Но именно на штурм БУРа Вазген требовал послать самых боеспособных бойцов. И самых жестоких.
– Всех „центов“ в БУРе связать, – наставлял он, – часть „погасить“, часть взять заложниками и потащить к „крикушнику“. Не сдадутся, „гасить“ и „мочить“ заложников прямо на глазах „кумов“ и „вертухаев“.
– Да мы их отдадим в руки наших штрафников, – подсказал один из братвы. – Там Колян уже неделю изводится. Он им всем кишки на шею намотает.
– Я предлагаю, – вмешался самый опытный из бунтарей, для которого это был уже второй бунт в тюрьме, – по-тихому взять больничку, тем, кто пойдет на БУР, дать „колеса“ и „ширнуться“, а уж потом им будет „море по колено“. Они разорвут БУР на части.
– Заметано! – согласился Вазген.
– Может быть, – осторожно вмешался „смотрящий“, не следует убивать надзирателей, а взять всех в заложники? Кровь рождает ответную кровь.
– Можно еще пойти работать, – злобно ответил Вазген, – поступить на службу режиму. Стать „сукой“ и „прессовать“ братву, которая готова лучше на смерть идти, чем склонить голову перед „ментами“.
– Я этого не говорил! – обиделся „смотрящий“, встал и вышел из барака.
Братва молча и долго смотрела ему вслед.
– Гнилой зуб лучше удалять! – наконец заметил один из приближенных Вазгена, прибывший вместе с ним. – Чтобы голова не болела.
На этом „военный совет“ завершил свою работу.
До намеченного для бунта срока оставалось менее двух суток.
„Смотрящий“ был недоволен своим срывом на „военном совете“. Его многие из авторитетов поддерживали, надо было найти путь к сердцу и остальных.
„Не о том мне надо было говорить!“ – раздосадованно думал „смотрящий“.
Но „после драки кулаками махать“ – поздно…
Если бы Дарзиньшу сейчас и сказали о готовящемся бунте в вверенном ему исправительно-трудовом учреждении, то он вряд ли адекватно отреагировал на это сообщение.

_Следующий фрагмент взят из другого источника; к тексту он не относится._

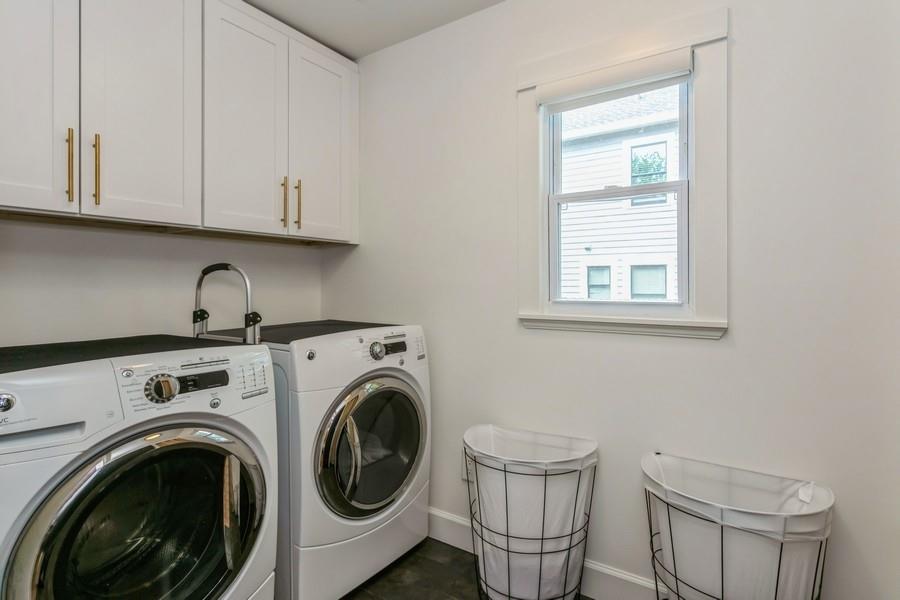 79 HOWELL Street NE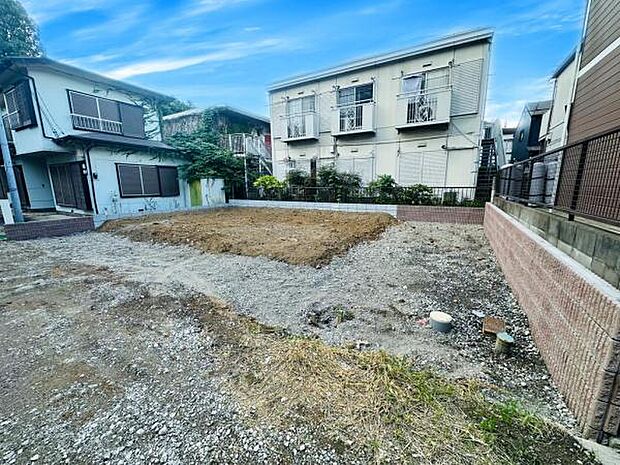 10/6撮影 10月上旬には造成まで進んでおりました。おおよその家の形が分かりますね。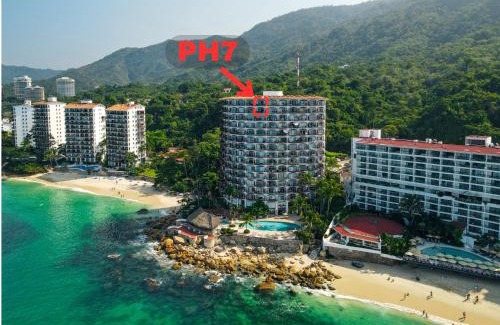 South Shore Hotel Area Apartment | Ocean Front Penthouse Newly Renovated, Sleeps 6, Casa Agua, Girasol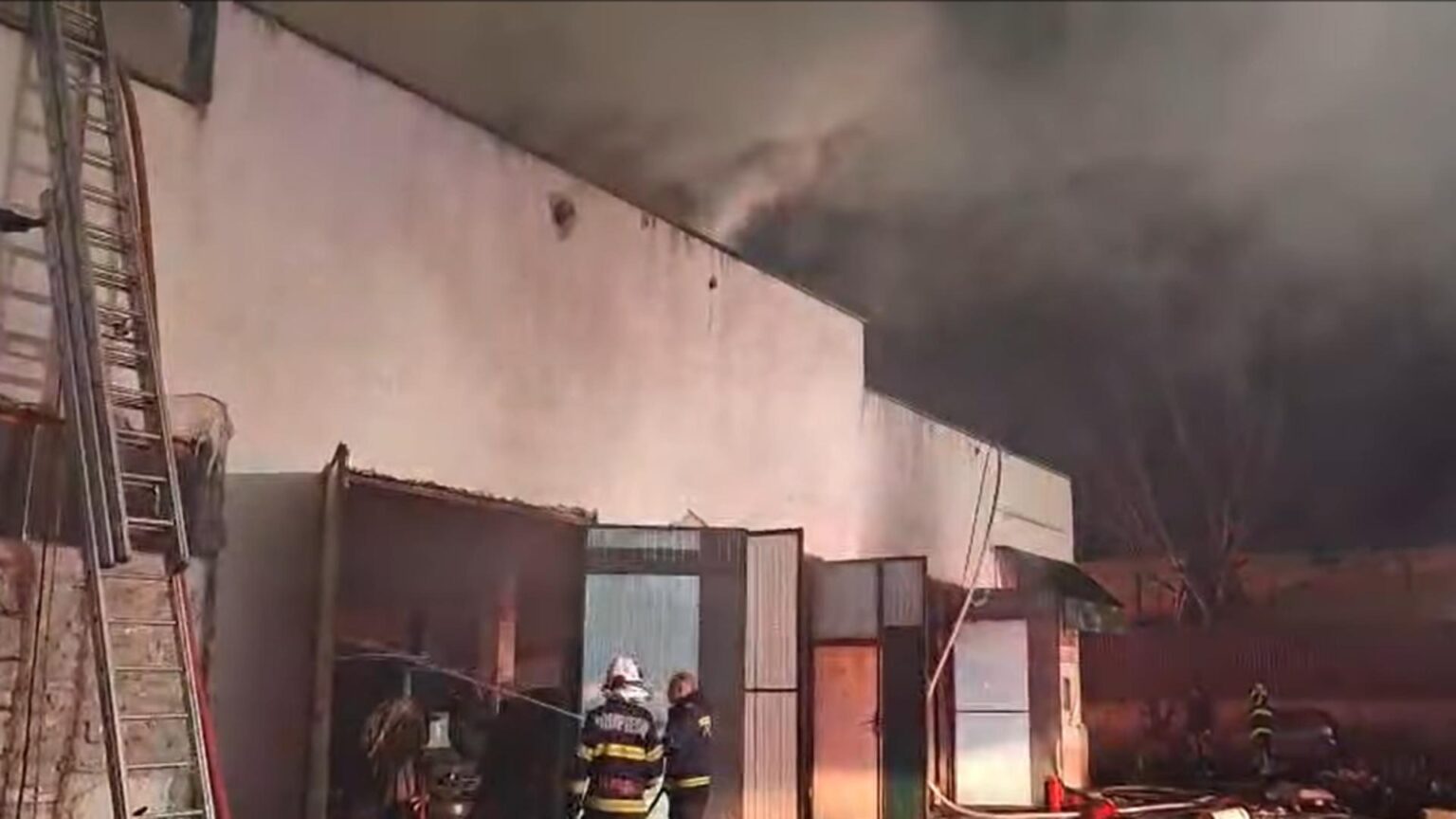 incendiu masiv intr o hala din vaslui interventie de amploare a pompierilor video 693d1703a57be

Погруженный в любовь с Ольгой по самую макушку, он утонул в ее объятиях, и единственным его желанием было вновь и вновь обладать великолепным телом Ольги.
Дарзиньш пил пригоршнями витамины, заготовленные на целый год. Как ни странно, но они помогали. Никогда еще Дарзиньш не чувствовал себя так хорошо и не ощущал себя столь сильным мужчиной.
– Ты поднимешь и мертвого! – ласково» шептал он Ольге, целуя ее тело в разные нежные места. – Какая ты!
– Воспринимаю это высказывание как твое посмертное завещание! – смеясь откликалась Ольга.
– Будет исполнено? – шутил Дарзиньш.
– Можешь не сомневаться! – уверяла Ольга.
Уже третий день Дарзиньш почти что не вылезал из кровати, не в силах оторваться от источника своей последней любви.
И он все пытался вспомнить имя французского короля, который на старости лет женился на молоденькой красотке и тоже не вылезал из постели, требуя от врачей, чтобы они готовили ему отвары, восстанавливающие мужскую потенцию.